I told him that Mogwai's sounds (and bands like Mono) get you thinking without necessarily distracting you from whatever it is you are engaged in while you're listening to it. It's like a sonic backdrop with soul, far beyond the dulling sounds of muzak or other elevator music that makes you want to shoot yourself out of boredom. This is music for libraries full of forward-thinkers, stoners, and intellectuals alike. They combine simple yet poignant compositions, framing them with just the right amount of noise to set them apart from other instrumental acts. They definitely have a signature all their own, and usually a person either loves them or hates them. It's rare that you'd find somebody who says Mogwai are just "ok."

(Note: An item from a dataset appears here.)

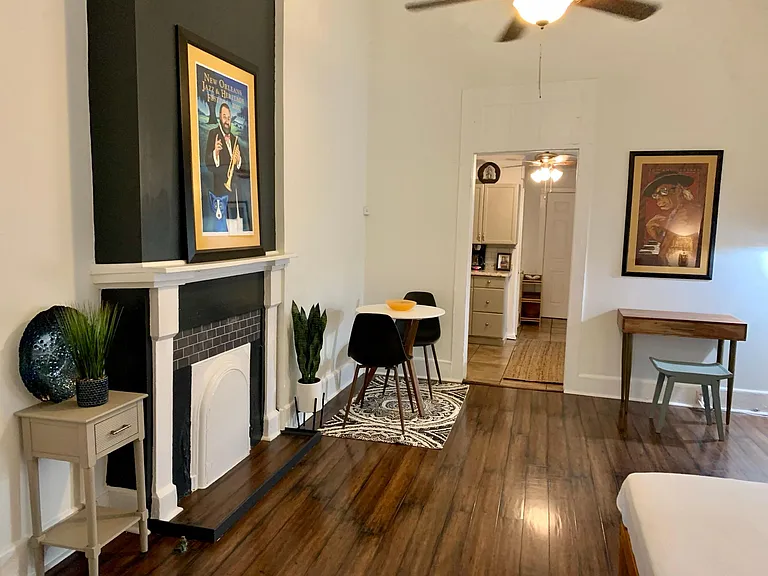 3917 Coliseum St — Photo 3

The Earth Division EP contains moments of a welcome musical departure for the band, including more orchestral arrangements that are stripped down and eloquent. They seem to have mastered the art of creating a full sound without crowding the soundstage. Each note sways and flows beautifully, forming a sense of space that is delightful to bask in after a long days work. "Get to France", the EP's opening track, is a fine example of this lush spaciousness. They sound more like Mojave 3 here than Mono, with emphasis on the notes themselves rather than the effects surrounding them in order to create a sense of depth. "Drunk and Crazy" sounds almost exactly like its title. Imagine coming home following the after-party and turning on some hard music by mistake, when you intended to put in a chill-out mix. This song gives me that feeling of duality inside. It sounds coarse but has a mellow groove, which evokes emotion through the blending of those structural opposites. The strings on "Does This Always Happen" are haunting and sparse, yet heavy. Mogwai create amazing melodic contrasts that often result in compositions that are perfect for dramatic films. They capture emotion (usually darker) in a chilling way, and it's engrossing to listen to.
Earth Division EP is masterful, but it's a tease. You get a supple taste of this broad new musical territory for Mogwai and you're left wanting more. Perhaps this move is intentional, leaving fans drooling for more. I know I'm waiting like a junkie for their next release as the result of the time I've spend with this record. Sound like a recommendation? Then you got the message.